**What you are asked to do**
Return every record below exactly.

(Records to process begins)

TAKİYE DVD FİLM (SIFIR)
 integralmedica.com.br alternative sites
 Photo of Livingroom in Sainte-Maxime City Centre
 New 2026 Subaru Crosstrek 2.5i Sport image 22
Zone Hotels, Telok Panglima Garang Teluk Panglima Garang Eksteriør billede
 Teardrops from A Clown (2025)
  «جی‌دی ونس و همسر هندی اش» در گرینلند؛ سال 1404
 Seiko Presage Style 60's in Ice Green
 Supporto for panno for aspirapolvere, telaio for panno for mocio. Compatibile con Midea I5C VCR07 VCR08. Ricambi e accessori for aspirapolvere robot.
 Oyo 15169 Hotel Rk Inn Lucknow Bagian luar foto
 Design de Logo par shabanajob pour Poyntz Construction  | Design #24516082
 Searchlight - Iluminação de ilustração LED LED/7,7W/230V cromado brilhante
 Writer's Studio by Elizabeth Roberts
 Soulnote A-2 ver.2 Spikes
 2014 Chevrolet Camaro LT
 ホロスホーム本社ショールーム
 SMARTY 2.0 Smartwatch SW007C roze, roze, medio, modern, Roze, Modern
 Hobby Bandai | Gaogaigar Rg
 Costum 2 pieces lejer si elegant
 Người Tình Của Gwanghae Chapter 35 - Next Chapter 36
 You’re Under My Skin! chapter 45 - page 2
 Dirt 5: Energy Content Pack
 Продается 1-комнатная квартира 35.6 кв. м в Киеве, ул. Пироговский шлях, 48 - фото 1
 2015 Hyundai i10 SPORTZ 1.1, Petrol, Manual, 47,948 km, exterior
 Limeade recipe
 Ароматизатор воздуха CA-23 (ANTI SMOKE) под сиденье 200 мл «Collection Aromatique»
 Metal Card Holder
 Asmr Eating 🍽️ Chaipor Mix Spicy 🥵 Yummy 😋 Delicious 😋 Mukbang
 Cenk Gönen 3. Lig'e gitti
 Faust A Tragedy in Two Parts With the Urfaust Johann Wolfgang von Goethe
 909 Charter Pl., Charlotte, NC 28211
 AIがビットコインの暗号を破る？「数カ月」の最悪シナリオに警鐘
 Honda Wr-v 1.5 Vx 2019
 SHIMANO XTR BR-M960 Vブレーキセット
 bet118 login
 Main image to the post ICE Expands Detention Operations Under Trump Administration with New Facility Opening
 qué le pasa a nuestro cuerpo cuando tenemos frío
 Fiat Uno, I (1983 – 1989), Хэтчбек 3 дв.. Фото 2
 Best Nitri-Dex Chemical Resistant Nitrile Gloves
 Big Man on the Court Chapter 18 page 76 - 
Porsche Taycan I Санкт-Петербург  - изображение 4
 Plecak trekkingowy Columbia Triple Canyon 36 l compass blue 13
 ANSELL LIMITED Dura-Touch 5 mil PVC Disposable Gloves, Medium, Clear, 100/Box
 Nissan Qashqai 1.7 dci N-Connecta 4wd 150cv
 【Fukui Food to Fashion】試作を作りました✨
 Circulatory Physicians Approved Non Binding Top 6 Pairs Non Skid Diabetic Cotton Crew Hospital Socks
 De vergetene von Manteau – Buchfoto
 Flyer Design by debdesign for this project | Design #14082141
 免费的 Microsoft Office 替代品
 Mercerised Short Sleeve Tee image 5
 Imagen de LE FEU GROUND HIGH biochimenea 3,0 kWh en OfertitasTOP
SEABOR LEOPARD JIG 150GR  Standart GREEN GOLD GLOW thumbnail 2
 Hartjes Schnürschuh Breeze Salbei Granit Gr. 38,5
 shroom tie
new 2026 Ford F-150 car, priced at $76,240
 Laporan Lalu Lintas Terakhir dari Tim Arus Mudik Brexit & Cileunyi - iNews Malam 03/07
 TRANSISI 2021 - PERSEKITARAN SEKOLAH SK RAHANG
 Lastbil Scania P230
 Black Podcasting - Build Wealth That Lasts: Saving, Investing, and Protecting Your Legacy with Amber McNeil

(Records to process ends)

**Answer to this exercise**
TAKİYE DVD FİLM (SIFIR)
 integralmedica.com.br alternative sites
 Photo of Livingroom in Sainte-Maxime City Centre
 New 2026 Subaru Crosstrek 2.5i Sport image 22
Zone Hotels, Telok Panglima Garang Teluk Panglima Garang Eksteriør billede
 Teardrops from A Clown (2025)
  «جی‌دی ونس و همسر هندی اش» در گرینلند؛ سال 1404
 Seiko Presage Style 60's in Ice Green
 Supporto for panno for aspirapolvere, telaio for panno for mocio. Compatibile con Midea I5C VCR07 VCR08. Ricambi e accessori for aspirapolvere robot.
 Oyo 15169 Hotel Rk Inn Lucknow Bagian luar foto
 Design de Logo par shabanajob pour Poyntz Construction  | Design #24516082
 Searchlight - Iluminação de ilustração LED LED/7,7W/230V cromado brilhante
 Writer's Studio by Elizabeth Roberts
 Soulnote A-2 ver.2 Spikes
 2014 Chevrolet Camaro LT
 ホロスホーム本社ショールーム
 SMARTY 2.0 Smartwatch SW007C roze, roze, medio, modern, Roze, Modern
 Hobby Bandai | Gaogaigar Rg
 Costum 2 pieces lejer si elegant
 Người Tình Của Gwanghae Chapter 35 - Next Chapter 36
 You’re Under My Skin! chapter 45 - page 2
 Dirt 5: Energy Content Pack
 Продается 1-комнатная квартира 35.6 кв. м в Киеве, ул. Пироговский шлях, 48 - фото 1
 2015 Hyundai i10 SPORTZ 1.1, Petrol, Manual, 47,948 km, exterior
 Limeade recipe
 Ароматизатор воздуха CA-23 (ANTI SMOKE) под сиденье 200 мл «Collection Aromatique»
 Metal Card Holder
 Asmr Eating 🍽️ Chaipor Mix Spicy 🥵 Yummy 😋 Delicious 😋 Mukbang
 Cenk Gönen 3. Lig'e gitti
 Faust A Tragedy in Two Parts With the Urfaust Johann Wolfgang von Goethe
 909 Charter Pl., Charlotte, NC 28211
 AIがビットコインの暗号を破る？「数カ月」の最悪シナリオに警鐘
 Honda Wr-v 1.5 Vx 2019
 SHIMANO XTR BR-M960 Vブレーキセット
 bet118 login
 Main image to the post ICE Expands Detention Operations Under Trump Administration with New Facility Opening
 qué le pasa a nuestro cuerpo cuando tenemos frío
 Fiat Uno, I (1983 – 1989), Хэтчбек 3 дв.. Фото 2
 Best Nitri-Dex Chemical Resistant Nitrile Gloves
 Big Man on the Court Chapter 18 page 76 - 
Porsche Taycan I Санкт-Петербург  - изображение 4
 Plecak trekkingowy Columbia Triple Canyon 36 l compass blue 13
 ANSELL LIMITED Dura-Touch 5 mil PVC Disposable Gloves, Medium, Clear, 100/Box
 Nissan Qashqai 1.7 dci N-Connecta 4wd 150cv
 【Fukui Food to Fashion】試作を作りました✨
 Circulatory Physicians Approved Non Binding Top 6 Pairs Non Skid Diabetic Cotton Crew Hospital Socks
 De vergetene von Manteau – Buchfoto
 Flyer Design by debdesign for this project | Design #14082141
 免费的 Microsoft Office 替代品
 Mercerised Short Sleeve Tee image 5
 Imagen de LE FEU GROUND HIGH biochimenea 3,0 kWh en OfertitasTOP
SEABOR LEOPARD JIG 150GR  Standart GREEN GOLD GLOW thumbnail 2
 Hartjes Schnürschuh Breeze Salbei Granit Gr. 38,5
 shroom tie
new 2026 Ford F-150 car, priced at $76,240
 Laporan Lalu Lintas Terakhir dari Tim Arus Mudik Brexit & Cileunyi - iNews Malam 03/07
 TRANSISI 2021 - PERSEKITARAN SEKOLAH SK RAHANG
 Lastbil Scania P230
 Black Podcasting - Build Wealth That Lasts: Saving, Investing, and Protecting Your Legacy with Amber McNeil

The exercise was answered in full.